New research reported by the Centers for Disease Control and Prevention (CDC), in collaboration with The Ohio State University Comprehensive Cancer Center, strengthens prior findings on the link between vitamin E acetate and E-cigarette or vaping product use-associated lung injury (EVALI).

In this new study, the CDC analyzed bronchoalveolar lavage (BAL) fluid from 51 lung injured patients from 16 states and compared it to BAL fluid from 99 healthy individuals.

Vitamin E acetate, also found in product samples tested by the Food and Drug Administration (FDA) and state laboratories, was identified in BAL fluid from 48 of the 51 EVALI patients but was not found in BAL fluid from healthy people.

No other toxicants were found in BAL fluid from either group.

"These findings support the conclusion that vitamin E acetate is a potential causative agent of EVALI, and that is an important discovery as decisions are made about how to best regulate the rapidly evolving e-cig industry," said the deputy director of the OSU Comprehensive Cancer Center.
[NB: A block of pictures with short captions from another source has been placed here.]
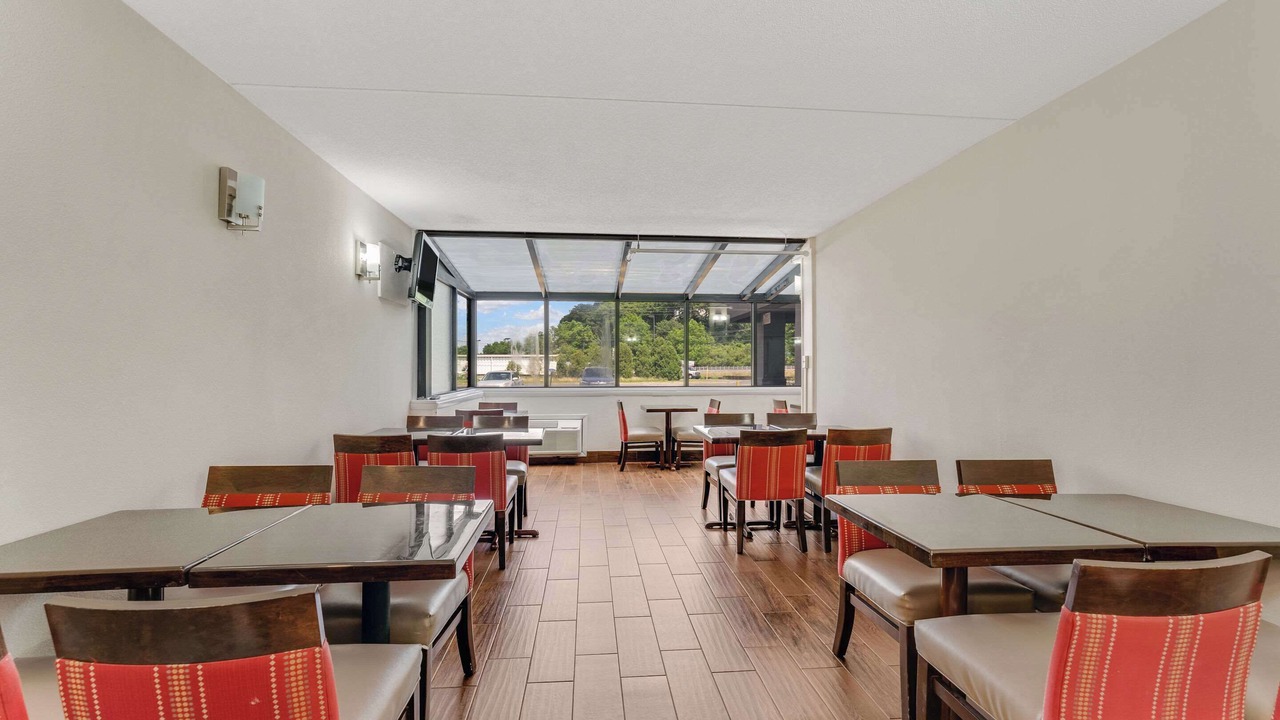 Photo of Others in Palmer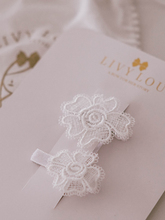 Load image into Gallery viewer, Belle Epoque White Lace Floral Clips ( 2 piece set )
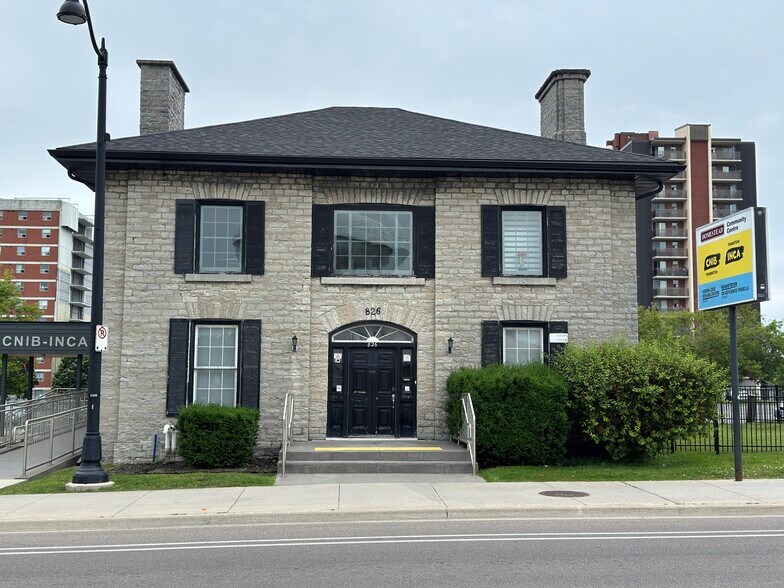 Primary Photo Of 826 Princess St, Kingston Office For Sale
In October 2019, the OSU Comprehensive Cancer Center reported the first evidence that even short-term vaping causes concerning inflammation in the lungs in the medical journal Cancer Prevention Research.

Additional data was reported on Dec. 17, 2019, which finds that the smoking-related damage in e-cig users is much less than smokers and more similar to never-smokers.

Recruitment is ongoing for e-cigarette and THC vaping studies at the OSU Cancer Center.

The study protocol recently expanded to include evaluation of THC and marijuana vapors in qualifying participants ages 18 or older.

Numerous mechanisms are in place to maintain confidentiality.